The works of these artists revisit familiar landscapes, extract them from their conventional contexts, and re-present them by reexamining, contorting, and slowing them down. In other words, they are grounded in close observations of the reality surrounding us and questions that may arise from those observations. Introducing artists whose practices depart from inquiries into reality, this exhibition, if only momentarily, unfurls an “alternative reality” teeming with possibilities along with our lived reality.


 

Youngmi Kim (b. 1990) graduated from Seoul Women's University with a bachelor's degree in Fine Art and Seoul National University with a master's degree in Sculpture. She has held her solo exhibitions such as Don't lose your elegance when pulling out the axe (M30, seoul, 2022) and Pre-loading (PS333, Seoul, 2021). Also she has participated in group shows including those held at  windmill (2022, Seoul), Seoul Museum of Art (2016, Seoul) and Culture Station Seoul 284 (2014, Seoul).

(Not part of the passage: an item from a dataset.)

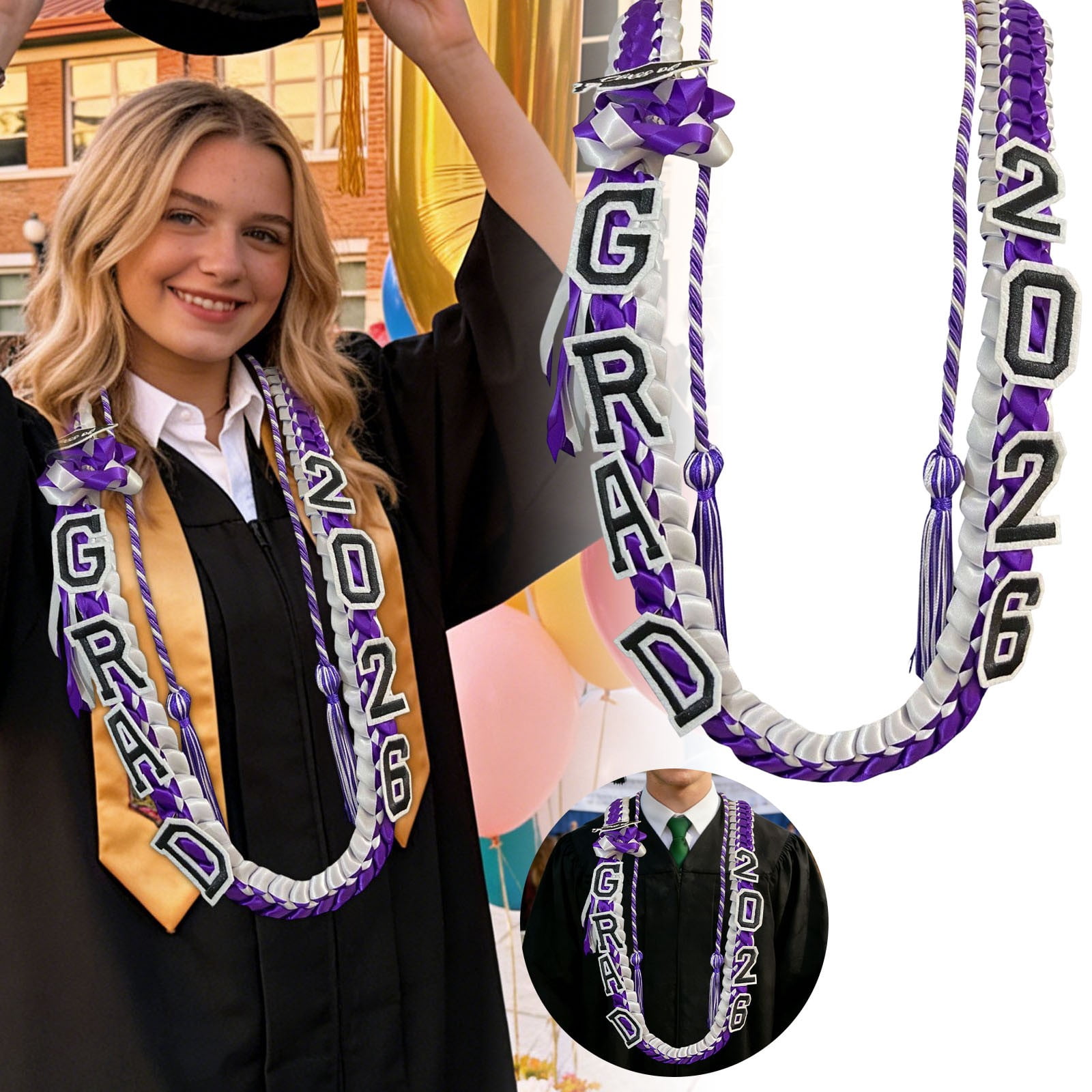 47 Inch Double Layer Graduation Ribbon Lei - Hand Woven Honorary Rope ...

Jieun Park (b. 1990) graduated from Hongik university’s Department of Oriental Painting. She has held Still CUT: Spark (Doosil Gallery, Seoul, 2023) and A very tiny Braid (Palais de Seoul, Seoul, 2014) as her solo exhibitions. Her works have been featured in group exhibitions held at Ilmin Museum of Art (2022, Seoul), Loop station (2022, Seoul), pie (2021, Seoul) and Sansumunhwa (2020, Seoul).


Yehwan Song (b. 1995) has held From here to there from there to here (distant.gallery, Online/Seoul, 2022) as her solo exhibitions. Also she has held group exhibitions at various venues including Scène Seoul (Seoul, 2023), Hek (Basel, 2023), Helsinki Biennale (Helsinki, 2023), X Museum (Beijing, 2023), Istanbul biennale (Istanbul, 2022), CCU (Utrecht, 2022), UCCA (Shanghai, 2022) and Arko Art Center (Seoul, 2022).


Lim Jeong Soo (b. 1988) earned her M.F.A. in Sculpture from Korea National University of Art and currently pursuing her Follow-up Master of Arts degree in Fine Art, Sculpture from Prague Academy of Art, Architecture and Design. She has held her solo exhibitions Station and Station (2/W + Weekend, Seoul, 2019) and Wall, Ground, Atmosphere (Kim Chong Young Museum, Seoul, 2017) and participated in group shows including jungganjijeom 1 (2023, Seoul), Process ITW (2023, Seoul), HALA 17 (2022, Prague) and Hite Collection (2022, Seoul).


Yeoreum Jeong (b. 1994) graduated from Kaywon University of Art & Design with a degree in Intermedia Art. She has held her solo exhibitions such as Centuries in the Distant Mist (SeMA Bunker, Seoul, 2023) and HAPPY TIME IS GOOD (Hapjungjigu, Seoul, 2021). She also has participated in group exhibitions including Hite Collection (2023, Seoul), Manzi Art Space (2022, Hanoi), Hall 1(2022, Seoul), Space Heem (2022, Busan) and OCAT Shanghai (2021, Shanghai).